The campaign has been under discussion for well over a year. On July 24, 2024, the JNS (Jewish News Syndicate) reported that Israeli Prime Minister Benjamin Netanyahu had met with some 15 to 20 American evangelical leaders the previous day in Washington, D.C. to discuss how to amplify their support. The gathering included Family Research Council President Tony Perkins, televangelist Paula White, and Texas pastor John Hagee, founder and chair of Christians United for Israel (whose support for Israel incorporates the prediction that come Armageddon, Israel will be covered in “a sea of human blood”).
Other notable participants included Ralph Reed, head of the Faith and Freedom Coalition, a key partner in the operations; Mat Staver, head of Liberty Counsel; and Jack Graham, pastor of the Prestonwood Baptist Church (who counts White House chief of staff Susie Wiles as a friend and the daughter of a congregant). The pastors were greeted by US Ambassador to Israel Mike Huckabee, who proclaimed that he also serves as “an ambassador for the kingdom [of God].” Reed and Staver are members of the Board of Governors of the Council for National Policy, the influential right-wing coordinating body whose members have played a crucial role in Trump’s rise to power. Graham and Huckabee, friends of the organization, have spoken at various CNP events.
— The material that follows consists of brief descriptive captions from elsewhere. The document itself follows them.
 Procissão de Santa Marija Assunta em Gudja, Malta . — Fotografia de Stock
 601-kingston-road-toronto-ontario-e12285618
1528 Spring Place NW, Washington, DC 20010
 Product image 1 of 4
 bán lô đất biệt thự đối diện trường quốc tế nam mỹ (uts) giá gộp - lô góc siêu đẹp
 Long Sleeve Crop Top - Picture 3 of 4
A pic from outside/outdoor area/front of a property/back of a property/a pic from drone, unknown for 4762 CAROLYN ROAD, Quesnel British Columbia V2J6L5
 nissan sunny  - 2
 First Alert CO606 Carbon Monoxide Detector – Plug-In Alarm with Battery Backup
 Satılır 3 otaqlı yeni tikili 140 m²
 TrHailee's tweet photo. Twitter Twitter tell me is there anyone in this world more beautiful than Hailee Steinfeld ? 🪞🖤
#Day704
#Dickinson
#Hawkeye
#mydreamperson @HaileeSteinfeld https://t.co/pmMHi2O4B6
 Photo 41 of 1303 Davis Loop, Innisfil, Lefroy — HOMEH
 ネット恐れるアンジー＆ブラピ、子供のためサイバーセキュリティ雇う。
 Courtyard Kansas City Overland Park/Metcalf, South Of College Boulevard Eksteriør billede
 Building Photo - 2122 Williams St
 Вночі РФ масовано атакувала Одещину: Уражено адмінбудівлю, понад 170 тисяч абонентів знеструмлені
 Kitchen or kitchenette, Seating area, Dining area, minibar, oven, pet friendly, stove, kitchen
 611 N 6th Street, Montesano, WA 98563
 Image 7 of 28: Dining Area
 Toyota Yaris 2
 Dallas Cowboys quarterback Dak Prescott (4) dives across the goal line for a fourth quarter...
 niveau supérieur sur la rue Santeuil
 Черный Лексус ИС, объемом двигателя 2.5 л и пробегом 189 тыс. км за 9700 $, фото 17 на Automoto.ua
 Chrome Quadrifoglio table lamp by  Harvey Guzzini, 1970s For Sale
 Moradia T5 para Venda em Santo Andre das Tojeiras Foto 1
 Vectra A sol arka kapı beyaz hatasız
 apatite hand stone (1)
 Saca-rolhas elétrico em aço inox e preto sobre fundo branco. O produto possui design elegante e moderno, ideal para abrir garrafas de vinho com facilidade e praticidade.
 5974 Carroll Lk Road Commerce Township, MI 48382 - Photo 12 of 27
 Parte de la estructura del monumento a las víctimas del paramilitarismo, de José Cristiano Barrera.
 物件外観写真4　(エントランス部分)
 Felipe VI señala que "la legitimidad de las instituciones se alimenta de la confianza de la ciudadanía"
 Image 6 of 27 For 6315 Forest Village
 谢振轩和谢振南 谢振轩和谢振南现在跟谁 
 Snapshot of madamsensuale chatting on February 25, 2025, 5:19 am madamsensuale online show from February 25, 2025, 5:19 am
That meeting contributed to a larger project organized by Mike Evans, the head of The Friends of Zion Heritage Center in Jerusalem, a longtime convener of American evangelical leaders in Israel. Evans, the son of a non-practicing Jewish mother from the Soviet Union who converted to evangelical Christianity, has long served as a bridge between Israeli officials and American Christian Zionists. Netanyahu, Evans told JNS, “is the leader of the evangelical movement of the world. He has more support among the evangelicals globally than even Donald Trump. There’s no person on the planet that is more respected by evangelicals than Benjamin Netanyahu, and part of it’s because he understands us and he’s been an advocate of close relations with us from the very beginning.”
Following the Netanyahu meetings in Washington, Israel intensified its public relations efforts by launching a major persuasion campaign directed at hundreds of American churches. On September 27, Show Faith by Works, LLC (listing its address at a co-working space in San Diego) filed under the Foreign Agents Registration Act (FARA) disclosing its role as a foreign agent on behalf of Israel’s Ministry of Foreign Affairs. The official registrant, Chad Schnitger, also serves as the head of the California chapter of Ralph Reed’s Faith and Freedom Coalition.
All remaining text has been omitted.